Beginner’s Guide to Big Data

For a quick overview to big data, read Bernard Marr’s The Complete Beginner’s Guide to Big Data Everyone Can Understand (Forbes, March 2017).  He sums up the basics you need to know in just a few paragraphs. Marr is a consultant, lecturer, and author of several books, including Data Strategy.


Illustration by Camelia Bobon

We are in the midst of a data explosion. Machine-related data is collected via sensors, transactions, and home monitoring and security devices. People-related data is collected via our smartphones, social media, shopping, and communications. Additionally email, text, social messaging, photographs, videos, webcam and satellite images, and other kinds of unstructured data are captured and stored in vast data centers around the world.

Data scientists mine data by building data models and running simulations against structured and unstructured data to look for patterns and make predictions. Sophisticated yet easy-to-use data tools make it easier to access the data. “As a service” subscriptions make it possible to mine data without expensive overhead, thereby democratizing data access for even small-scale researchers.

The upside of collecting and analyzing all this data is that we have the potential of solving some of our biggest problems – curing diseases, feeding the hungry, exploring space, preventing crime, predicting and responding to disasters, and making life generally better. The downside can be invasion of data privacy, threats to data security, and potential data discrimination.

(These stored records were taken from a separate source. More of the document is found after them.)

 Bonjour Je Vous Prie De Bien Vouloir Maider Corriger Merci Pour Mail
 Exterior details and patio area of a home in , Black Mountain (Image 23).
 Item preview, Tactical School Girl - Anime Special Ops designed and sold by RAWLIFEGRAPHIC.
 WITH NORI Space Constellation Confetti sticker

I signed on to a new project at work that involves big data, so I’m hitting the books, web, YouTube, and my network to learn more. There are a lot of related terms that I’ve heard, so I’m sorting that all out too – analytics, machine learning, Internet of Things (or IoT), and all their intersections. On a recommendation, I recently read Thingalytics by Dr. John Bates (Software AG, 2015).

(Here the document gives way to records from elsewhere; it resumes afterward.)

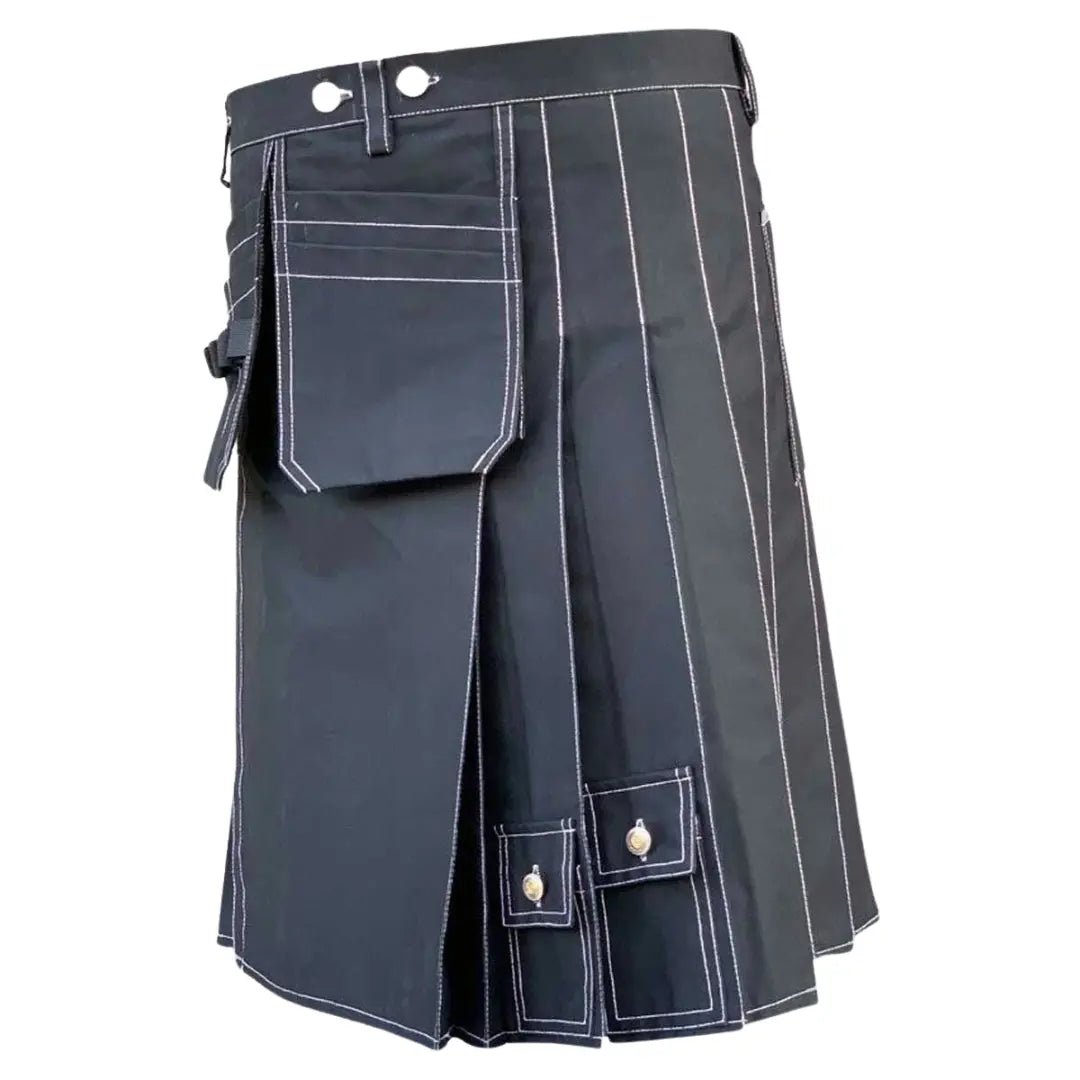 Craftman Utility Workout Cargo Kilt for Men - Durable Tactical Sport Kilt with Pockets for Hiking, Gym & Outdoor Activities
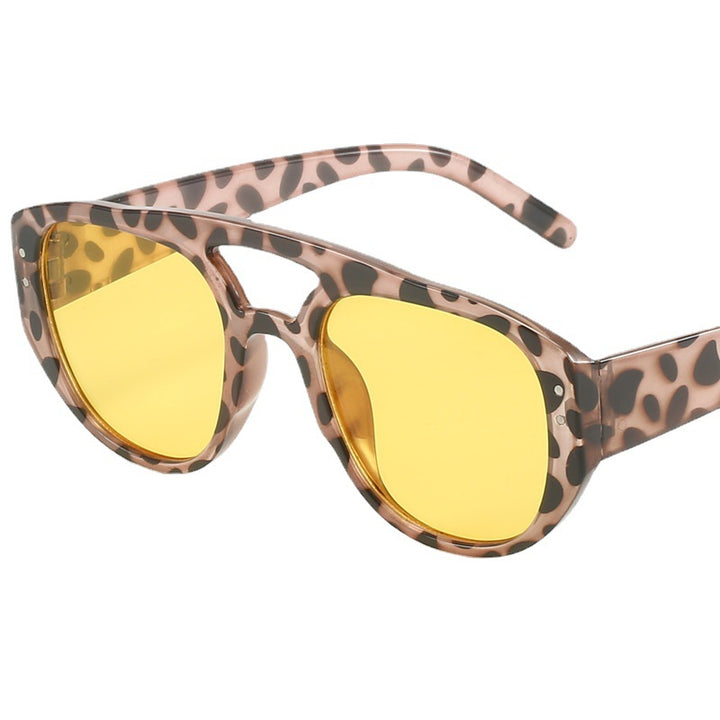 Dame Fashion solbriller i stilfullt leopardmønster Luvikno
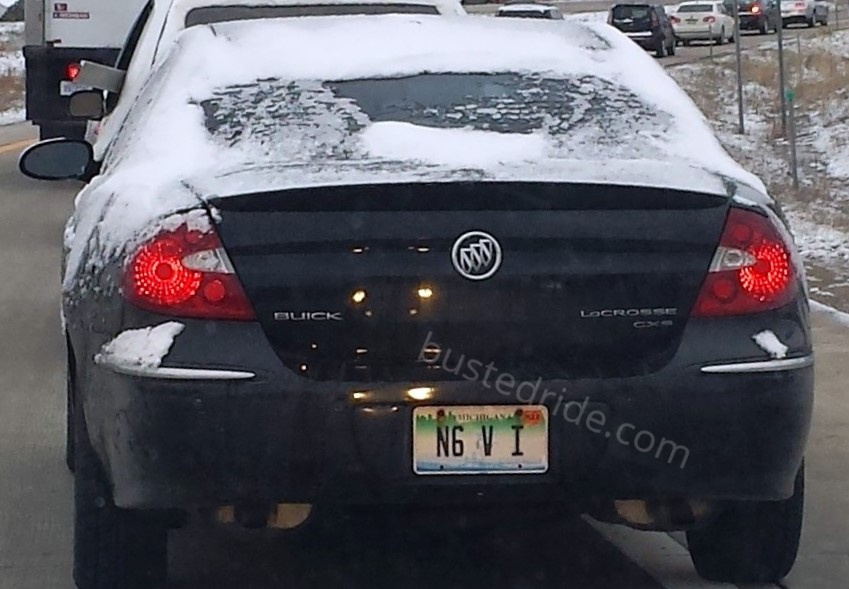 N6 V I - Vanity License Plate by Busted Ride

Bates defines “thingalytics” as “the use of real–time analytics and algorithms to make sense of the fast Big Data arising from the Internet of Things. The book includes:

  • Chapter 1 – It’s All About Me: empowering a new generation of personalized marketing and customer experience applications.
  • Chapter 2 – Machines with Feelings:  how smarter machines are enhancing efficiency, reducing cost, and improving customer experience.
  • Chapter 3 – Home is Where the Smart Is: how intelligent apps are revolutionizing how we cook, clean, wash, and watch TV.
  • Chapter 4 – Take Two Smart Pills and Call Me in the Morning: the hospital of the future (and today).
  • Chapter 5 – I’m the Chairman of the Board: smart self-learning algorithms that function as the brains, especially automated trading.
  • Chapter 6 – RoboCops: how to spot and navigate around threats and problems.
  • Chapter 7 – Planes, Trains, and Automobiles: smart logistics and autonomous transport systems.
  • Chapter 8 – The Technology Behind Thingalytics: technology and infrastructure needed to support Big Data streaming analytics in the cloud.
  • Chapter 9 – Go Forth and Use Thingalytics: summary and the way forward to use Thingalytics to improve business.

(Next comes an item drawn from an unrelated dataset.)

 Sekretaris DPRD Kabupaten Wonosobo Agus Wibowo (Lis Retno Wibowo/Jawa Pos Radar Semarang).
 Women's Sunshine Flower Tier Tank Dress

In summary, the Internet of Things is all about digitizing everything in the real world and integrating it into the Internet. Real objects are equipped with sensors that capture status and make it available; an app somewhere consumes, analyzes, and acts on the status, and may even be self-learning. At its best – lives can be saved, fraud avoided, customers delighted, and carbon emissions reduced. At its worst, a rogue command can lose millions of dollars and wreck reputations in seconds.

It is exciting to think of another technical revolution – one equal to the revolution that moved most people from an agrarian economy to a service economy. Think of the big problems that could be solved, the diseases that could be cured, and the interesting new jobs that could be generated. Another part of me ponders the incredible resources required to support massive data collections, the potential invasion of privacy, and the millions who will lose their jobs if they can’t retrain fast enough. I also resist the idea of being reduced even more to a consumption object who is the target of laser focused propaganda vying for my dollars. But it’s a brave new world, and best to meet it head on!